Par ailleurs, l'U.R.S.S. n'a jamais signé
la Convention de Genève du 27 août 1929 relative au traitement des prisonniers de guerre, à l'inverse de la
Convention de Genève du 27 août 1929 pour l'amélioration du sort des blessés et malades dans les armées en campagne, effectivement ratifiée, elle, par Moscou en 1932. L'U.R.S.S. ne se considérait pas, de surcroît, liée à la Convention de La Haye de 1907, dès lors qu'elle avait été signée par la Russie tsariste. En effet, reconnaître sur ce point que le pouvoir soviétique était la continuité juridique de l'Empire russe était de nature à poser de sérieuses difficultés doctrinales et pratiques : en ce cas là, Moscou se serait notamment vu contraint de rembourser nos emprunts russes...
En ce qui concerne le
Generalplan Ost, rappelons qu'il s'agit là d'une opération de remodelage racial à grande échelle, initialement étudiée pour le cas des territoires polonais, avant de faire l'objet de modifications dans le sillage de l'invasion de l'Union soviétique.
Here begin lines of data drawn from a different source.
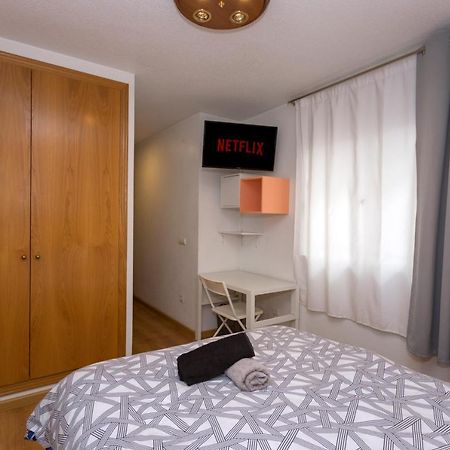 Central Market Guestrooms Аліканте Екстер'єр фото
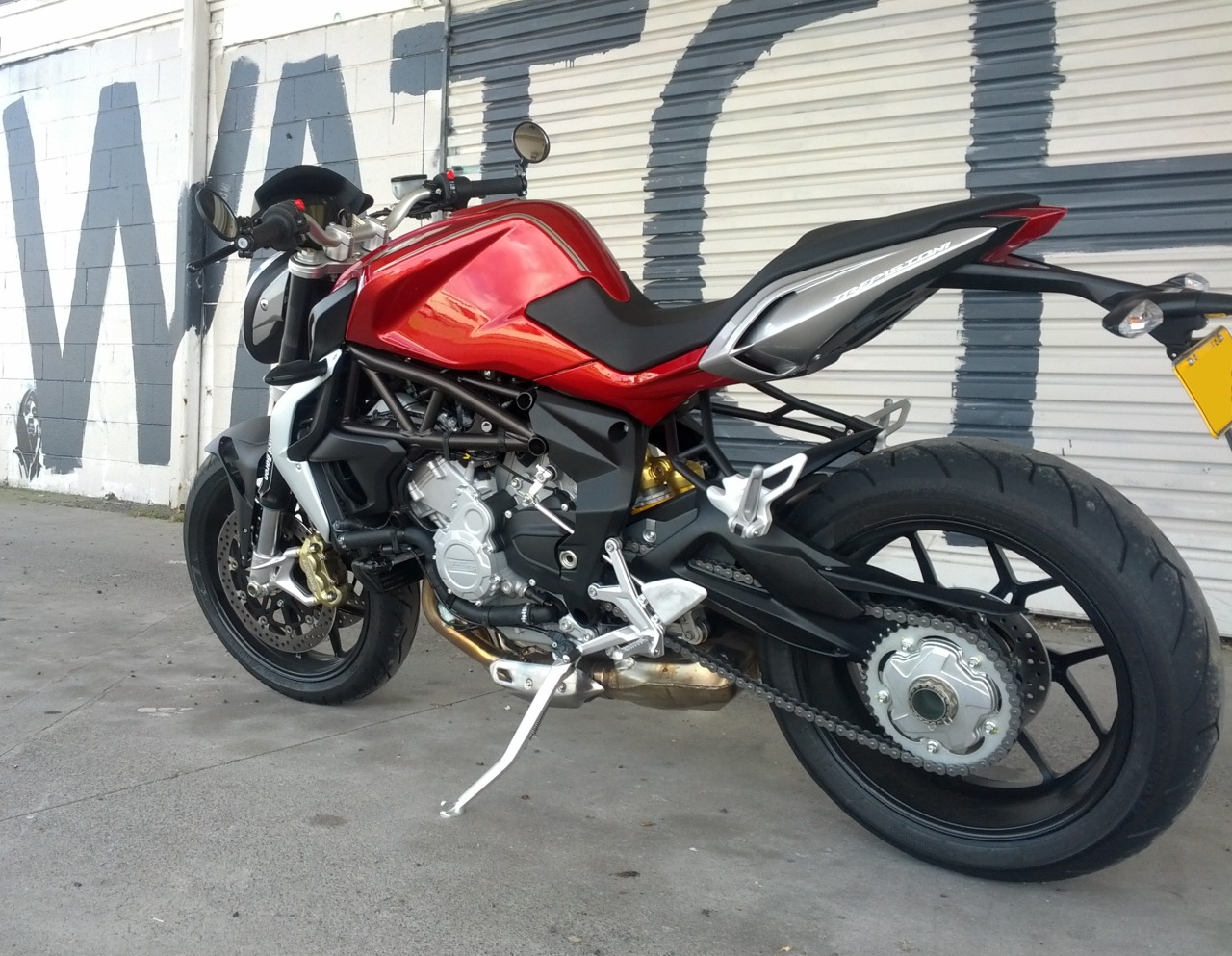 nemoi:  MV Agusta Brutale 800 (via DeeKnow)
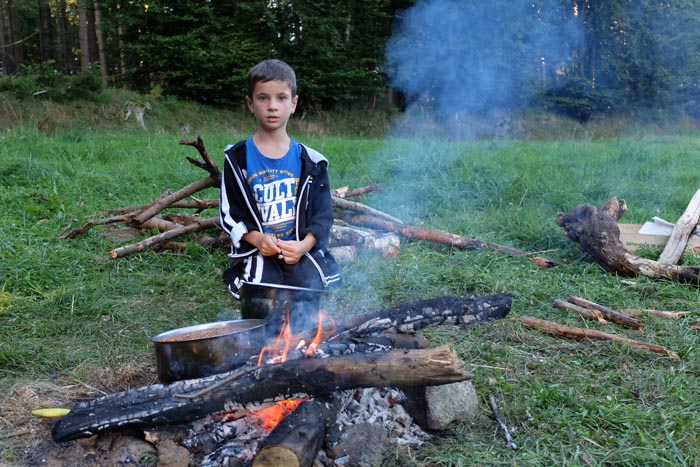 Repas au feu de camp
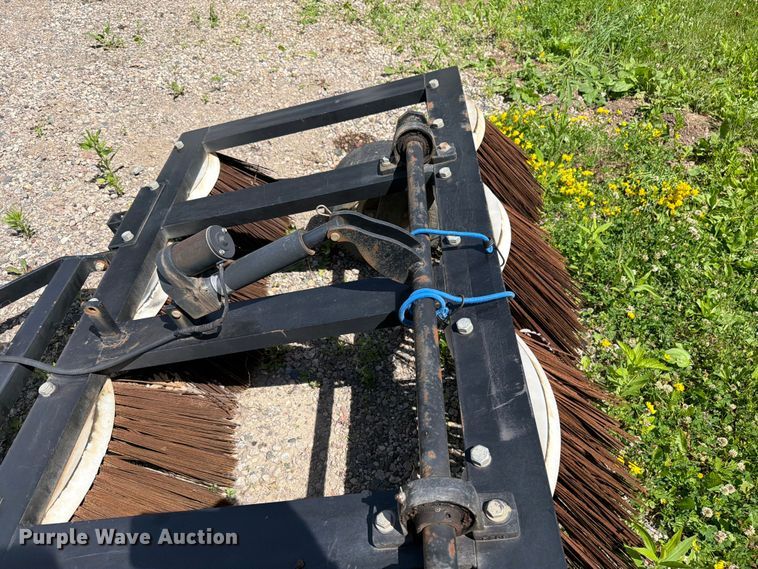 image for item FK0284 Rahn broom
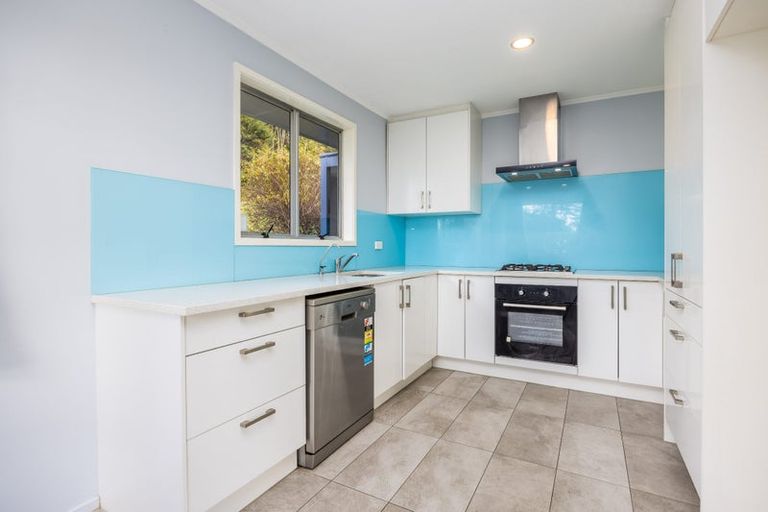 Photo of property in 38 Staincross Street, Green Bay, Auckland, 0604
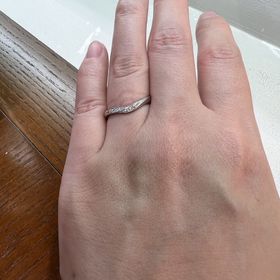 【TRECENTI(トレセンテ)の口コミ】 大きなデザインの婚約指輪と重ね付けして付けれるように、緩めのVデザイン…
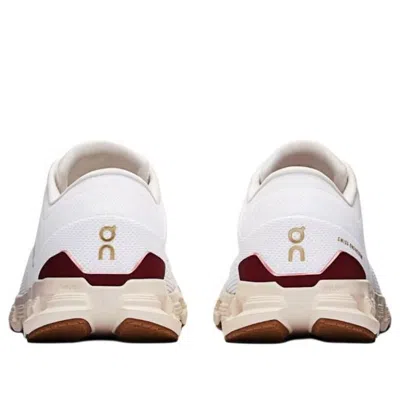 On Cloud X 4 Sneakers In White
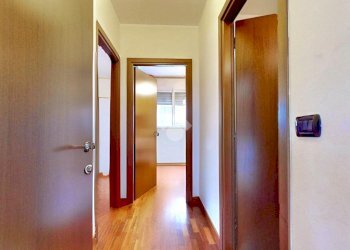 Four-room apartment Via Caduti in Missione di Pace, Milano (neighborhood Rubattino) - photo 18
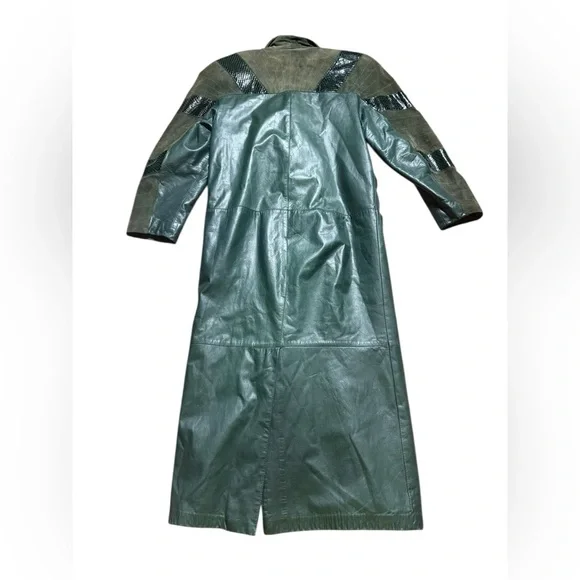 Vintage green leather trench coat, small/medium - Picture 9 of 13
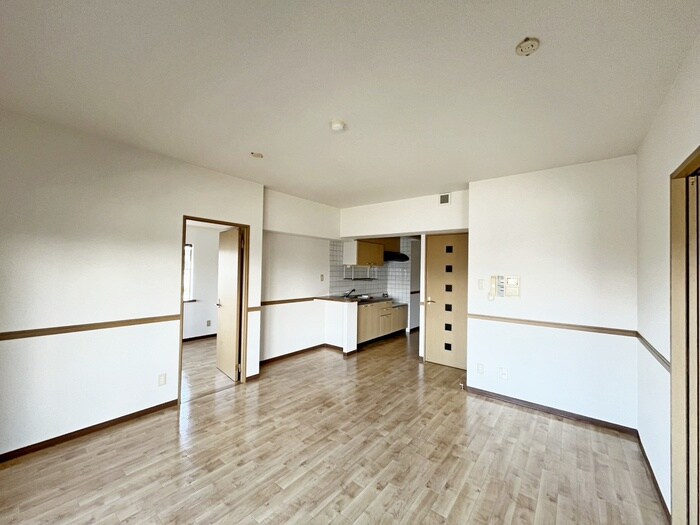 ロイヤルアニバーサリー楢町の物件内観写真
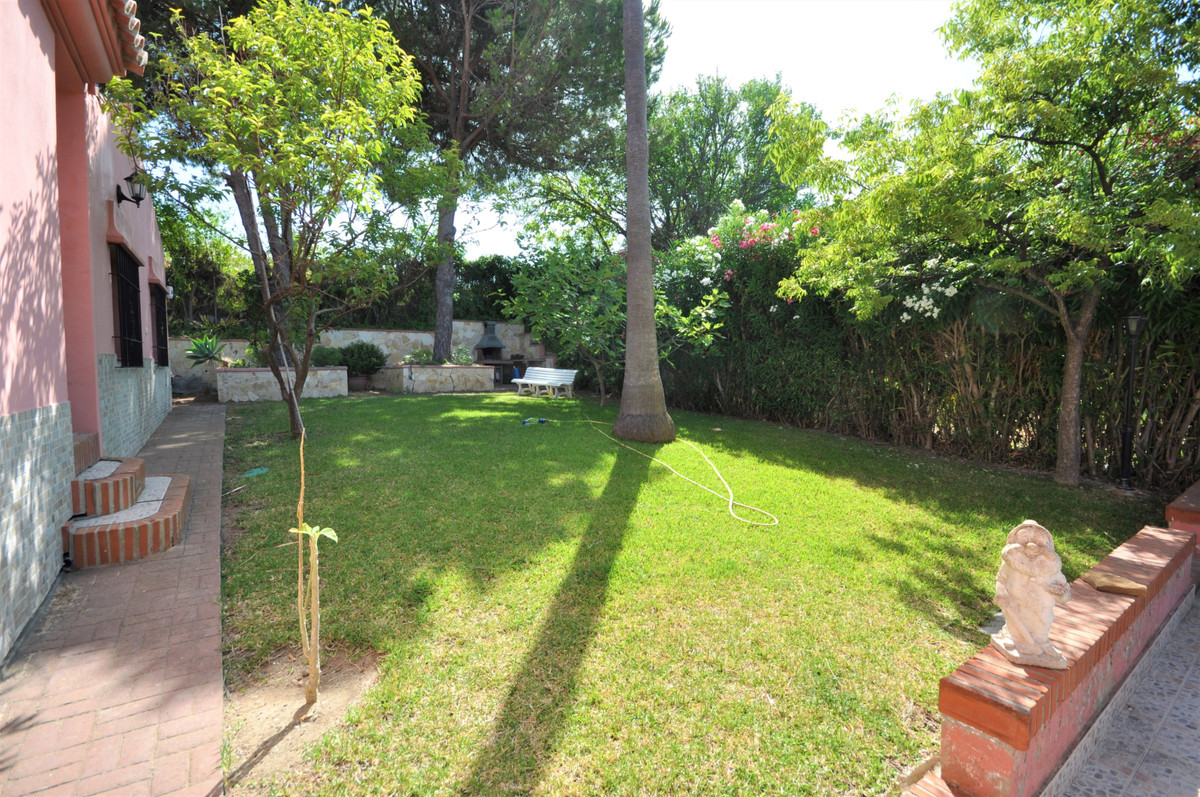 4 Bed Townhouse for sale in Casares Playa Costa Del Sol, Málaga, Spain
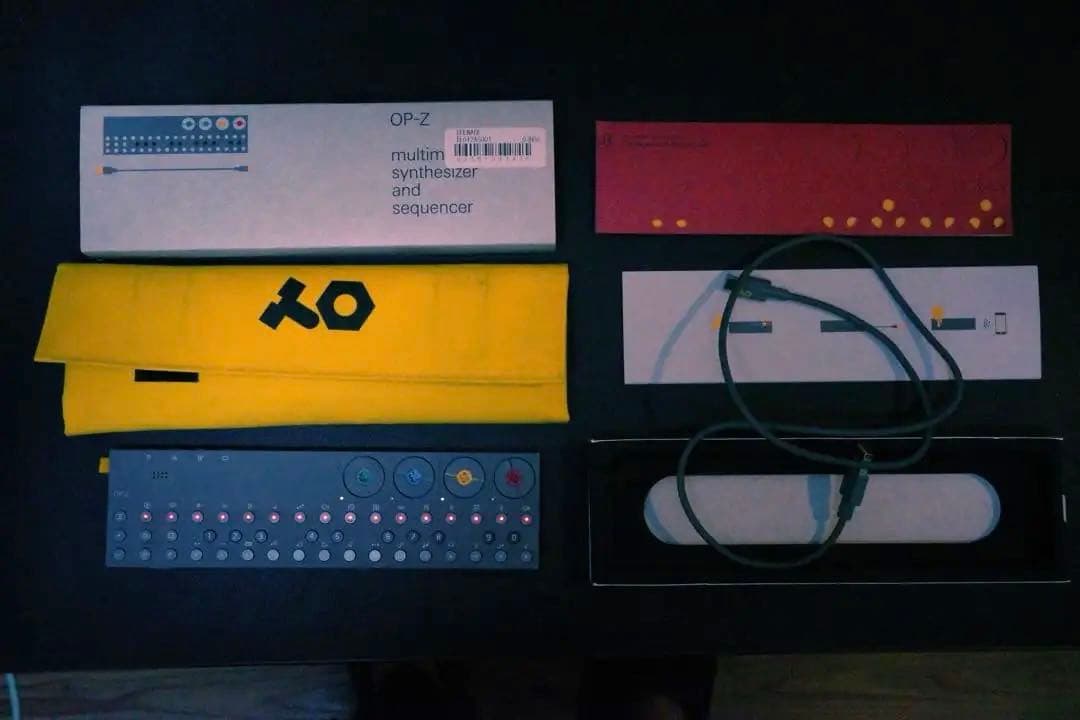 鍵盤楽器 Teenage Engineering OP-Z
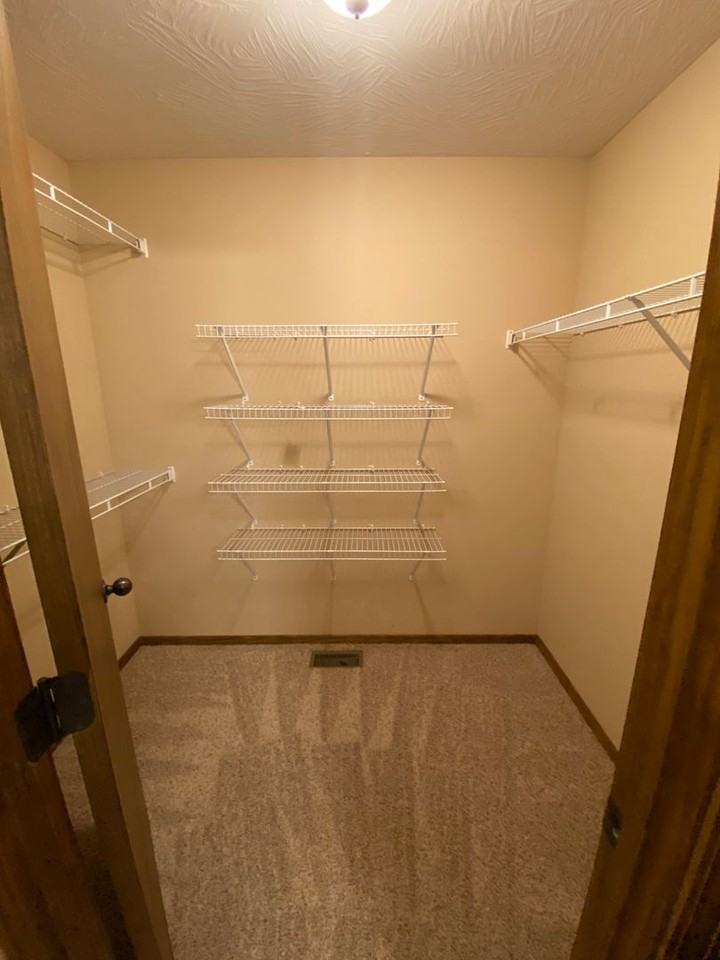 513 Rice St - Photo 3 of 12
En juillet 1941, Konrad Meyer, responsable de la Planification au
Reichskommissariat für die Festigung Deutschen Volkstums (Commissariat pour le renforcement de la Germanité, en abrégé
R.K.F.), livre ainsi à Himmler, qui dirige cet organisme, une nouvelle version de ce Plan, prévoyant en effet l'implantation à l'Est de 4,5 millions de colons allemands, ainsi que la germanisation des autochtones susceptibles d'être racialement récupérables, et l'expulsion ou, le cas échéant, la suppression, de 31 millions de personnes (Polonais, Russes, Baltes) vers le "dépotoir" que sera ce qui reste de la Russie, hors de l'espace colonisé. Je pense que Hitler s’est inspiré de ce plan pour affirmer, en octobre 1941, que quatre millions d’Allemands iraient s’installer à l’Est dans les dix ans, et au moins dix millions en vingt ans, sachant, en toute hypothèse, que les colons devaient également être issus de Scandinavie, des Flandres et des Pays-Bas, régions réputées racialement germaniques - au moins à titre partiel.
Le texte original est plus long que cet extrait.